Le locataire peut invoquer, au soutien de son refus, une inopposabilité du bail de renouvellement tenant :

 

- À ses faibles ressources, à condition qu'il en justifie,
- Aux travaux qu'il a réalisés dans l'appartement et dont il pourra demander le remboursement,
- A l'absence de représentativité des références comparatives fournies par le bailleur.

 

En cas de désaccord : La procédure

Le bailleur ou le locataire peut saisir la Commission Départementale de Conciliation dans les conditions de l'article 31 alinéa 6 et suivants de la loi du 23 Décembre 1986 dans les trois mois qui suivent la réception du nouveau bail.

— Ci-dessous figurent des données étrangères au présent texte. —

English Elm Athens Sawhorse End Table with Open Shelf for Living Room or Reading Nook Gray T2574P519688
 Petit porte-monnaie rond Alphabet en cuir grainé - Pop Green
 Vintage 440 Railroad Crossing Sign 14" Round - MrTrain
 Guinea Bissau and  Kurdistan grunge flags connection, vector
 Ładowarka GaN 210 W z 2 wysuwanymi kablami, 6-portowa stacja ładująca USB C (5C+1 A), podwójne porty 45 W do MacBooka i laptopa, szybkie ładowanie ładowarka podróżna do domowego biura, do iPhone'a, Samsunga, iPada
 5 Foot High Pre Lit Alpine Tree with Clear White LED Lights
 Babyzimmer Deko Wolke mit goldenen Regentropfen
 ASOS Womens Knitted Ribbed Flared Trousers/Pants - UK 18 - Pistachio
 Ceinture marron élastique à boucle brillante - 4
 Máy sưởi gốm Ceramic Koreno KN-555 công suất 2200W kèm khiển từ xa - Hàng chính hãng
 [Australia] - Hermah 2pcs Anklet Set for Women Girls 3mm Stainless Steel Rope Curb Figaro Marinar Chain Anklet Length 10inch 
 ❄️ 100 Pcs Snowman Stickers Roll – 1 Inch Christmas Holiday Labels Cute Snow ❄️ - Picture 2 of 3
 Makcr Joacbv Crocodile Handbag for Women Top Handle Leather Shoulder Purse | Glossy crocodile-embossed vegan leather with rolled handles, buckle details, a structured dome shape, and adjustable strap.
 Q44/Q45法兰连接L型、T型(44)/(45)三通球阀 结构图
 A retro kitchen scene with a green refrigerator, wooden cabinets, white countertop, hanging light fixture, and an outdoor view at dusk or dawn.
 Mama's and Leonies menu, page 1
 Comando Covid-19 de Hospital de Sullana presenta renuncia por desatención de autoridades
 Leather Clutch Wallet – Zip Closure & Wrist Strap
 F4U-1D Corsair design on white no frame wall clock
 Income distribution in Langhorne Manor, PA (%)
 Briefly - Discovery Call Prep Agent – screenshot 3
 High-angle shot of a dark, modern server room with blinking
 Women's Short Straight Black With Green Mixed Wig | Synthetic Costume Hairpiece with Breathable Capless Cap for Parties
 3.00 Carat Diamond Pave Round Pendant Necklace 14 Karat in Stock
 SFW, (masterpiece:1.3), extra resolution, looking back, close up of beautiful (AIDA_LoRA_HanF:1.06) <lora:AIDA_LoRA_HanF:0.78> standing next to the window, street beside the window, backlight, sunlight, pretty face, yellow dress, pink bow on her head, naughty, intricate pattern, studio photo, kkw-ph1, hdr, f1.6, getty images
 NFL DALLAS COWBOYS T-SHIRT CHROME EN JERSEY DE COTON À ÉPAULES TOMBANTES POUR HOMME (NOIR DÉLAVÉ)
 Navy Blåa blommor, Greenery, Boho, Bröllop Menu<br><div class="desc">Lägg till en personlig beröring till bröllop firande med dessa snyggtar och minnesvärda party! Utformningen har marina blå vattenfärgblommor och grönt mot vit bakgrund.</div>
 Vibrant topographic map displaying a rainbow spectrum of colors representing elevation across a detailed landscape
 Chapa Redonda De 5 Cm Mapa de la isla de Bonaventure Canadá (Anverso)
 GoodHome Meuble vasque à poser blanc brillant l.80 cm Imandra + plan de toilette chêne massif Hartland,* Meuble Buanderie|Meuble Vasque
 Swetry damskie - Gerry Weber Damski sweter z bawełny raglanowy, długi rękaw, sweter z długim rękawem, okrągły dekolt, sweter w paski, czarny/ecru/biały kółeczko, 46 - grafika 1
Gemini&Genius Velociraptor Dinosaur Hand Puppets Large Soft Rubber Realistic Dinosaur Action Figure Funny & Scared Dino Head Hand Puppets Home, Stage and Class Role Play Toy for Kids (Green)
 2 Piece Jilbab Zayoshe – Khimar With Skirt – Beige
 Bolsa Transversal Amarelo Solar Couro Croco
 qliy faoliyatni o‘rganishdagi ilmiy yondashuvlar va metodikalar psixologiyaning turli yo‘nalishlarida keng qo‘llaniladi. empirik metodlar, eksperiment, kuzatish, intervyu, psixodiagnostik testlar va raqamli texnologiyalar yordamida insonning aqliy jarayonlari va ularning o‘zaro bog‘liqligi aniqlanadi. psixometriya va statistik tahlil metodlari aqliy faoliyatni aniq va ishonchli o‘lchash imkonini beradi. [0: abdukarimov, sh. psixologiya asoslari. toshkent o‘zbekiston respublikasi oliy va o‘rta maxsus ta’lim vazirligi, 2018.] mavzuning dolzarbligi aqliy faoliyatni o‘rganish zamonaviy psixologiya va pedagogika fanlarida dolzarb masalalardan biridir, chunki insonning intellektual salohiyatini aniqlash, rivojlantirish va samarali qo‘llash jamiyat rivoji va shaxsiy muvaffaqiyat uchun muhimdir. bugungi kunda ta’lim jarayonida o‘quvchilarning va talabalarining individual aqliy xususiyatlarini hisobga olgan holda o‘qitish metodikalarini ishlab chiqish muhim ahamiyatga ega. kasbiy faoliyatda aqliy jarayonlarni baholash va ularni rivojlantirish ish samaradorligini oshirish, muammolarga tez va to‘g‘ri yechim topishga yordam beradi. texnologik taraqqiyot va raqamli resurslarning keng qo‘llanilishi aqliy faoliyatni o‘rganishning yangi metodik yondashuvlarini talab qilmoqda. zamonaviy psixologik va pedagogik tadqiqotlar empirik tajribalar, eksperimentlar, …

La saisine de cette Commission est une simple faculté offerte aux parties.

 

Les parties peuvent surtout saisir le Juge du Tribunal d'Instance du lieu de situation du local loué pour faire trancher de leurs différends, et ce, sans préalablement saisir la Commission Départementale de Conciliation.

La saisine du Juge doit être effective dans les six mois de la proposition du contrat faite par le bailleur au locataire.

 

A défaut, le local sera soumis à la loi du 1er Septembre 1948.


Le rôle du Tribunal :

 

Le Juge fixera le montant du loyer et statuera sur les demandes des parties.

 

La décision sera exécutoire, même dans le cas où une voie de recours serait exercée.


Sur les conséquences des baux de l'article 28 de la loi de 1986 :

 

1°) La prise d'effet du bail :

 

Le bail sera conclu et prendra effet six mois après la notification de la proposition de contrat faite par le bailleur, sauf autres conventions entre les parties.

 

Aussi, à compter de la prise d'effet du bail, celui-ci ne sera plus soumis aux dispositions de la loi du 1er Septembre 1948, mais :

 

Pour les locaux d'habitations ou mixtes, aux dispositions des chapitres I, II et III et aux articles 30 à 33 de la loi du 23 Décembre 1986, et aux clauses du contrat.

Le locataire aura alors la possibilité de demander la fixation du local aux normes de confort et d'habitabilité prévues par l'article 25 de la loi du 23 Décembre 1986 et le décret du 30 Janvier 2002.


Précision : La réparation des locaux n'est pas une des conditions préalables obligatoires pour que le bailleur puisse proposer un bail de sortie de la loi de 1948.

 

Pour les locaux exclusivement professionnels, aux dispositions du Code Civil et de l'article 57 A de la loi du 23 Décembre 1986.

 

Le sort juridique du bail à l'issue de ses huit années initiales :

 

A l'expiration des huit années ou plus de location, les locaux d'habitation ou mixtes (à usage professionnel et d'habitation) deviennent soumis à la loi du 6 Juillet 1989.

 

Les locaux à usage exclusivement professionnel, seront soumis au Code Civil et à l'article 57 A de la loi du 23 Décembre 1986.


EN CONCLUSION :

 

Les baux de sortie de la loi du 1er Septembre 1948, tels que régis et organisés par l'article 28 de la loi de 1986 nous semblent permettre de trouver un équilibre entre le droit au maintien dans les lieux offert aux locataires par la loi de 1948, et la possibilité pour les bailleurs de percevoir enfin un loyer représentant la valeur locative du bien loué.